Coolest tubes ever!!!
KT66 Nos Gold lion Genelex tubes
I was the lucky guy to cut the bags open after 50 years .
Most mortals never get a chance to do this with these tubes so I had to show them


----------



## Granny Gremlin (Jun 3, 2016)

Nice! I just scored a matched quad of NOS military (thicker glass; better QC) Teslovak (pre JJ) KT88s for my Sunn. Can't hardly wait for those to arrive. Not as nice as a set of Gold Lions, but at 1/4 (or less) of the price it's what I can afford.


----------



## gtone (Nov 1, 2009)

If you're a tube amp geek (and I consider myself one, btw), it doesn't get much better than that! Cheers...


----------



## capnjim (Aug 19, 2011)

Holy crap! Dare I ask the price?
I had a chance to buy a case of 100 NOS for 20$ each around 20 years ago. That would have been a good investment!


----------



## dcole (Oct 8, 2008)

capnjim said:


> Holy crap! Dare I ask the price?
> I had a chance to buy a case of 100 NOS for 20$ each around 20 years ago. That would have been a good investment!


You'd be a bijilionaire!


----------



## Granny Gremlin (Jun 3, 2016)

Did you huff the air from inside those sealed baggies?


----------



## Morattoampshop (Nov 3, 2013)

I found them for somebody that wanted to put them in their blues breaker custom amp i built...
Hope you're sitting down price was .......$1900 bucks !!!
A pair and a spare.


----------



## Chitmo (Sep 2, 2013)

Jesus, those are worth more than any amp I've owned....and I've had some nice Amps.


----------



## garrettdavis275 (May 30, 2014)

Oh. My. God.

To both the tubes and the price.

Extremely cool, extremely out of my league. Awesome post, sir!


----------



## Kerry Brown (Mar 31, 2014)

Yes, pretty cool, but what do they sound like?


----------



## Morattoampshop (Nov 3, 2013)

Theres something about the controlled mid range under high volume pressures that the old KT's just do better!!!
Especially the bluesbreakers amp design .(JTM45)


----------



## bolero (Oct 11, 2006)

wow

I have to wonder, how many NOS tubes like that are even still around!

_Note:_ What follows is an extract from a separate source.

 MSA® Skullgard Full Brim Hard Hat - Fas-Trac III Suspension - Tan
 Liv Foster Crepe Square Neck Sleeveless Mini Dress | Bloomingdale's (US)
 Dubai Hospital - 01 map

...there are 4 more less now


----------



## blueshores_guy (Apr 8, 2007)

I sure hope they work.


----------



## bolero (Oct 11, 2006)

hahaha


----------



## Brett Pearson (Apr 26, 2016)

One of the nicest sounding tubes imho. I bought a pair of new Gold Lions for Marshall build I will be starting soon and thought $50 each was pricey...whew!


----------